● **Data listing**:
++++++++++

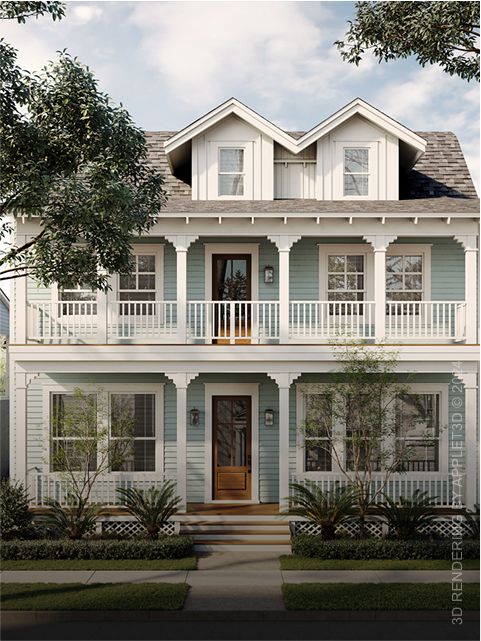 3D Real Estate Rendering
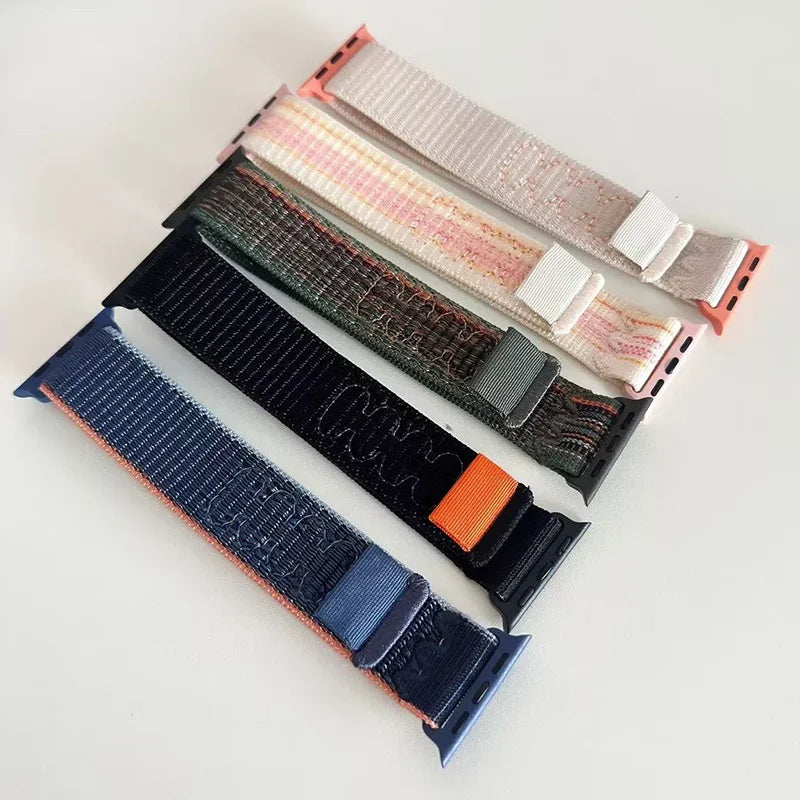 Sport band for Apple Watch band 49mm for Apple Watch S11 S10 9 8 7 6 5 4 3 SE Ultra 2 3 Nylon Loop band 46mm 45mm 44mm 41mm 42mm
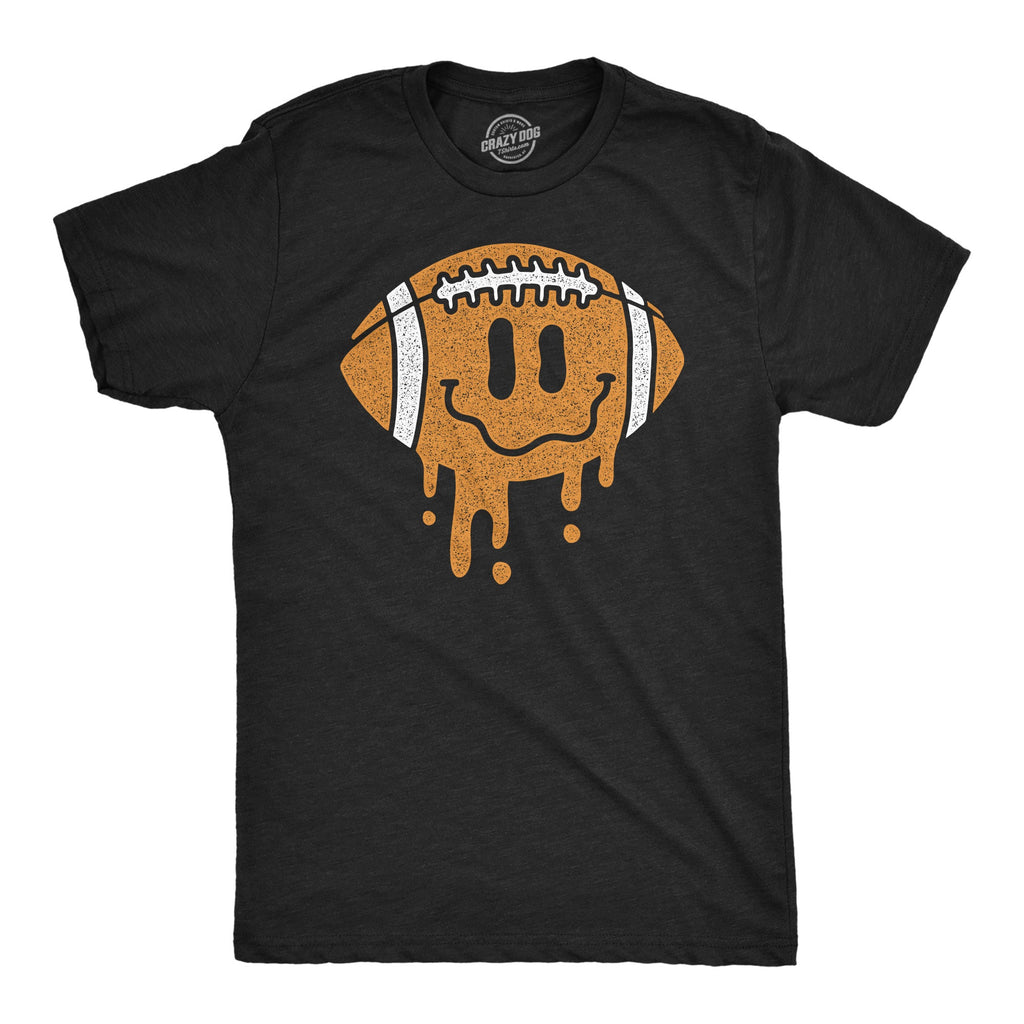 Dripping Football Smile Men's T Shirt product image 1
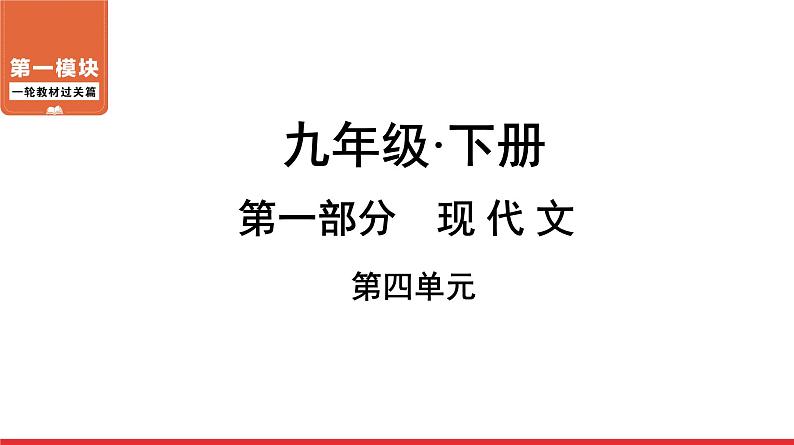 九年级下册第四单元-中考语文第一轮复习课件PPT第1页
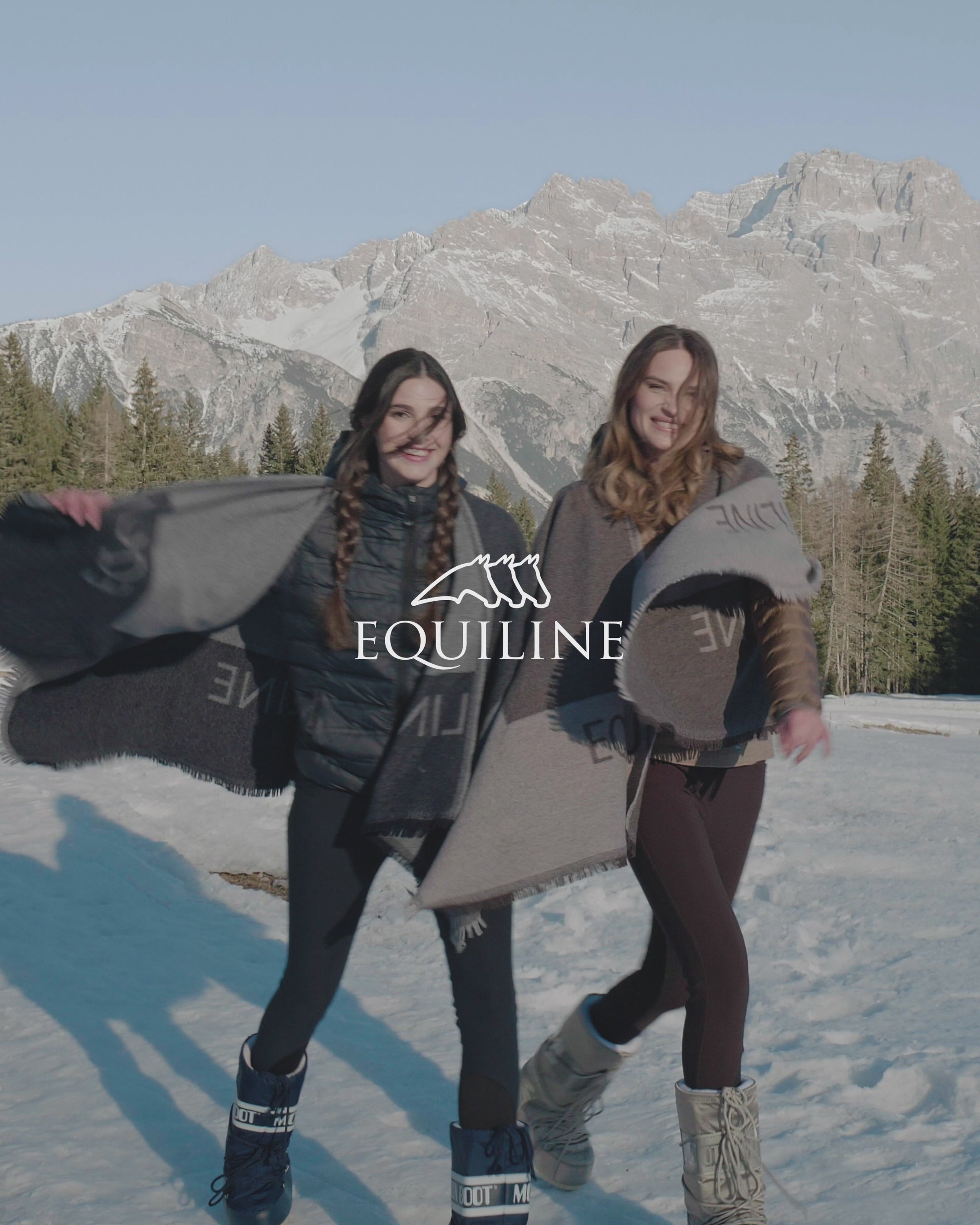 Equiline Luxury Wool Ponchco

++++++++++

Would you return all of the entries unchanged while omitting the images?

● **Result of the task**:
 3D Real Estate Rendering
 Sport band for Apple Watch band 49mm for Apple Watch S11 S10 9 8 7 6 5 4 3 SE Ultra 2 3 Nylon Loop band 46mm 45mm 44mm 41mm 42mm
 Dripping Football Smile Men's T Shirt product image 1
 九年级下册第四单元-中考语文第一轮复习课件PPT第1页
 Equiline Luxury Wool Ponchco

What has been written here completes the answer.